Sri Balbhadra Prasad Singh, for the employer, however, urged that it was the duty of the workman to go to the doctor and obtain a certificate in support of his explanation. But, as Sub-cl. (4) of Cl.19 of the standing order says that even habitual absence with leave or with sufficient cause will not amount to an act of misconduct, it would primarily be the duty of the company to satisfy the tribunal that the explanation given by the workman for his absence will not amount to sufficient cause within the meaning of the said clause. The fact that the workman met with an accident on October 26, 1961 appears to have been admitted. Hence, there should have been no difficulty in getting him further examined by the doctor during the course of the domestic enquiry with a view to ascertain if the plea of the workman concerned was reasonable or not. It was, therefore, open to the tribunal to accept the ex parte explanation given by the workman himself and to hold that his explanation was acceptable. In other words, according to the finding of the tribunal there was sufficient cause for the workmans absence on the three specified dates and hence the charge under Sub-cl. (4) of Cl.19 of the standing order is not established. This is a finding on a question of fact which cannot be interfered with by this Court in exercise of its writ jurisdiction. 4. Sri Balbhadra Prasad Singh thereupon contended that whether absence for three days amounts to habitual absence or not is purely a matter for the employer to decide and will not be justiciable.

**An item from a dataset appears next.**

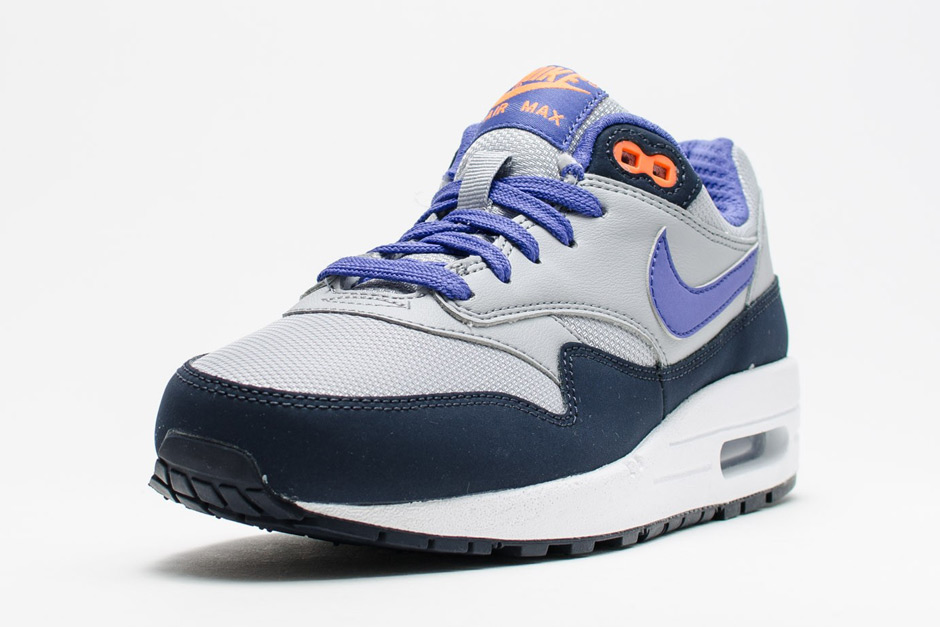 Nike Air Max 1 Gs Wolf Grey Persian Violet Total Crimson 02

I am not prepared to accept this extreme contention. The question whether on the admitted facts there has been contravention of Sub-cl. (4) of Cl.19 of the standing order is a pure question of law and it is open to the tribunal to hold that even if there was absence on the three specified dates in one month in the year 1963 (though the workman was in service from 1948), habitual absence as required by law was not established. That finding is clearly unassailable in a writ petition. For these reasons, the petition is dismissed with costs. Hearing fee Rs.100 payable to respondent 1.